Sperry and Hutchison a/k/a S&H was the largest trading stamp company and started its practice in the late 1800s, becoming one of the first such companies. During the 1960s, S&H printed its own rewards catalog that became America’s largest publication. At the same time, S&H allegedly issued three times more stamps than the U.S. Post Office.
S&H had competitors, including, Plaid Stamps, Gold Bell Gift Stamps, Gold Bond Stamps, Blue Chip Stamps, and a few others. The stamps were distributed when customers bought products, primarily at grocery stores, gasoline stations and department and other retail stores. I’m going to speak about the S&H stamps since I licked more of them than other brands.
S&H’s stamps came in one, ten and fifty point denominations and were awarded in ten-cent increments … a one denomination stamp was equal to ten-cents and so forth. Their collector books were free; twenty-four pages long; and needed fifty stamps to fill a page. That meant each book held twelve hundred stamps, equivalent to spending $120. The completed books were exchangeable for merchandise at an S&H redemption center or via mail.
The retailer that planned to offer trading stamps would purchase their stamps from whichever company it chose, and then award the stamps at a rate determined by the merchant. Customers would frequently choose one store over another because that store gave out more stamps than another for each dollar spent.

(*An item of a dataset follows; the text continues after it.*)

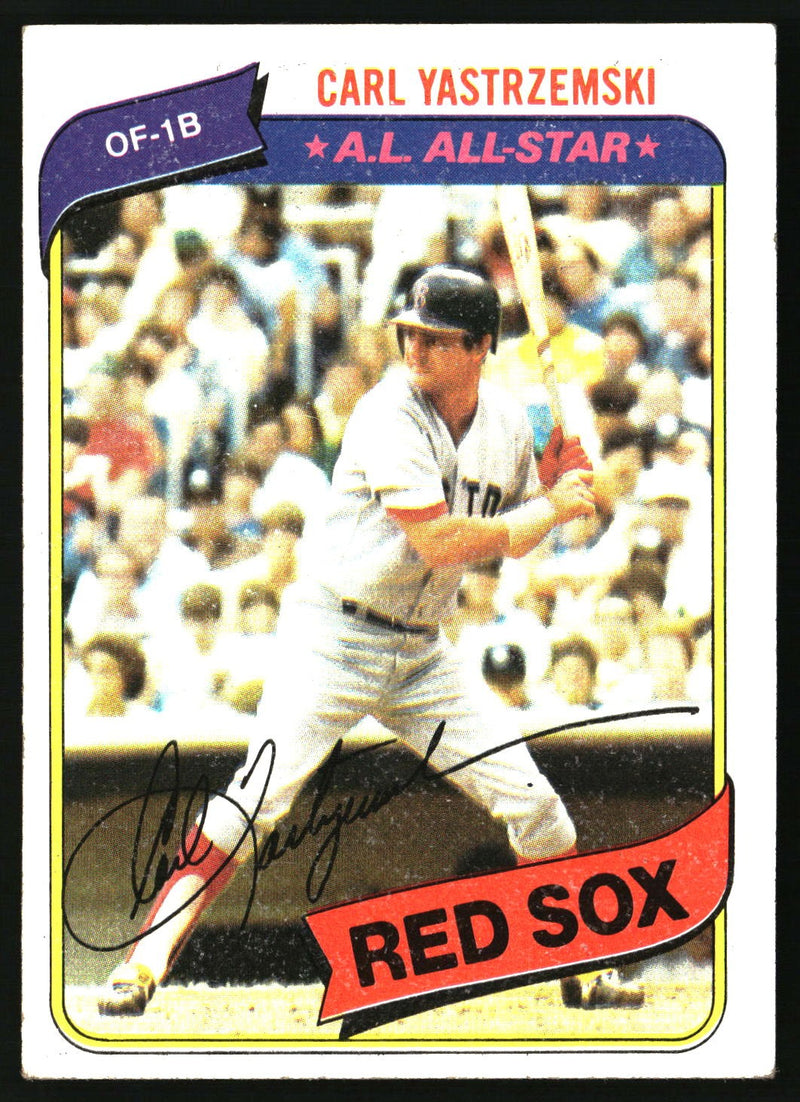 Carl Yastrzemski 1980 Topps #720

Trading stamps were most popular during the mid-‘60s. In 1965, supermarkets stopped issuing stamps and started lowering prices instead. They also started to use “preferred customer” programs. Later, the recessions of the ‘70s diminished the value of trading stamps, and consumers began to stop collecting them.
If you still have any trading stamps, they might have some “value.” The Internet is your best source to find out what you need to do to redeem them for something.